Available data:
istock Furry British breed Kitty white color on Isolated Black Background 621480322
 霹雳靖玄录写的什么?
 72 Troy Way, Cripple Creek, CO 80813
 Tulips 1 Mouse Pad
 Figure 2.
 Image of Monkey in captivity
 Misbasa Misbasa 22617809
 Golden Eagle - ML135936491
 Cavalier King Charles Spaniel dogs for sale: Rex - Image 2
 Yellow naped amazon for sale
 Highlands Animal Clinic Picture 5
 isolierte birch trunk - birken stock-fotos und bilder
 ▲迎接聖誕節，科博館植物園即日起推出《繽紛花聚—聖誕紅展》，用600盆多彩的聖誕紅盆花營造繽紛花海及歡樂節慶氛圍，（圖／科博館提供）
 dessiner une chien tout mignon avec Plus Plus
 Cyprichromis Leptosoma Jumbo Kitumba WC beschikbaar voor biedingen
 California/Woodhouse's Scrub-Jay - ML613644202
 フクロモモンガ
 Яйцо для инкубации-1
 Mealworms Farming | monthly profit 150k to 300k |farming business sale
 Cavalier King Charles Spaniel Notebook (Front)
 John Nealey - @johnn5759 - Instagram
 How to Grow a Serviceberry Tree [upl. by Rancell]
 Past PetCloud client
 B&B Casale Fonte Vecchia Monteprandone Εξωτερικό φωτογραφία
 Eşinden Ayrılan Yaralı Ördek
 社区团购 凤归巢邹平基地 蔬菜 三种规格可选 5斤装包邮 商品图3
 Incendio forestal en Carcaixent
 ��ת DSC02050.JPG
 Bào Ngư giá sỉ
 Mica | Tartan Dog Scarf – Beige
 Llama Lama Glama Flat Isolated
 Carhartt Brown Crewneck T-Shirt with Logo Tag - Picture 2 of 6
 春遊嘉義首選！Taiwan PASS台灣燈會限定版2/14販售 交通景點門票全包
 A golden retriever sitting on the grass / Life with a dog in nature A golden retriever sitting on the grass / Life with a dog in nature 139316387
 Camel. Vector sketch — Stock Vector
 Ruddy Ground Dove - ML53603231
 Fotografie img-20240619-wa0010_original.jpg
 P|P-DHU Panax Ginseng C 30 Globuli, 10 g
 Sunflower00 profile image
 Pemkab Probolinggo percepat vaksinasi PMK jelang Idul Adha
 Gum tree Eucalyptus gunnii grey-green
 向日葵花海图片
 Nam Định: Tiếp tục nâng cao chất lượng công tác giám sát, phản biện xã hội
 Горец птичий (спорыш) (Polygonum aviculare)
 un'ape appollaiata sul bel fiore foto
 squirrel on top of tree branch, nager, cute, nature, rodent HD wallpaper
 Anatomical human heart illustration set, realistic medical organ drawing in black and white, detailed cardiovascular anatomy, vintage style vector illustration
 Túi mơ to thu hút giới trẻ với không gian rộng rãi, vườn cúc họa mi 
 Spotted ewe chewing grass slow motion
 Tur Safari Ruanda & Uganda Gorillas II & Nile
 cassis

Requirement: Write out only those lines of the entries that lie between the line containing "Fotografie img-20240619-wa0010_original.jpg" and the last line, inclusive, reproducing them exactly.

Reply to the exercise:
 Fotografie img-20240619-wa0010_original.jpg
 P|P-DHU Panax Ginseng C 30 Globuli, 10 g
 Sunflower00 profile image
 Pemkab Probolinggo percepat vaksinasi PMK jelang Idul Adha
 Gum tree Eucalyptus gunnii grey-green
 向日葵花海图片
 Nam Định: Tiếp tục nâng cao chất lượng công tác giám sát, phản biện xã hội
 Горец птичий (спорыш) (Polygonum aviculare)
 un'ape appollaiata sul bel fiore foto
 squirrel on top of tree branch, nager, cute, nature, rodent HD wallpaper
 Anatomical human heart illustration set, realistic medical organ drawing in black and white, detailed cardiovascular anatomy, vintage style vector illustration
 Túi mơ to thu hút giới trẻ với không gian rộng rãi, vườn cúc họa mi 
 Spotted ewe chewing grass slow motion
 Tur Safari Ruanda & Uganda Gorillas II & Nile
 cassis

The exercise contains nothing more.